= Love in Ukraine =

Indian romantic drama film

Love In Ukraine is a 2022 Indian Hindi-language romantic drama film directed by Nitin Kumar Gupta and starring Vipin Kaushik and Lizabeta. The film was released theatrically on 27 May 2022.

==Plot==
The film follows an Indian student named Raj (Kaushik) who falls in love with Liza (Lizabeta), a Russian girl set to get married into a mafia family. Their romance develops against the backdrop of cultural differences in Ukraine.

==Cast==
- Vipin Kaushik as Raj
- Lizabeta as Liza
- Nitin Kumar Gupta as Lasha
- Mikhael Striga
- Lolita Zhuravlova
- Roman Batrin
- Ruslan Seferov
- Oles Dmitrenco
- Irma Balan
- Konstantin Shiryaev
- Vladimir Didenco
- Sergey Pschenichniy

==Production==
The film was shot entirely on location in Ukraine, including cities such as Kyiv, Bucha, and Odessa. Filming began in October–November 2021 with some patchwork completed in February 2022, just before the Russian invasion of Ukraine.

Notable filming locations included a 1,200-year-old wooden church near Vyshhgorod, the Kyiv City Center, and various rural settings including a cow farm, horse ranch, and traditional villages.

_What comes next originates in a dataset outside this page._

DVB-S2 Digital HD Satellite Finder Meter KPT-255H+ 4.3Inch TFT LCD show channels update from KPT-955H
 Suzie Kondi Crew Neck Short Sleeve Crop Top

===Impact of Russian Invasion===
Following the Russian invasion of Ukraine in February 2022, three Ukrainian actors from the film – Artem, Volodym and Misha – were reported missing. The film's lead actress Lizabeta was reportedly stuck in the city of Dnipro.

==Release==
The film was released in over 350 theaters across India on 27 May 2022. It was one of the few Indian films to feature Ukraine as its primary setting.

===Box office===
The film collected ₹ at the Indian box office in its opening weekend, competing with releases like Top Gun: Maverick, Anek, and Bhool Bhulaiyaa 2.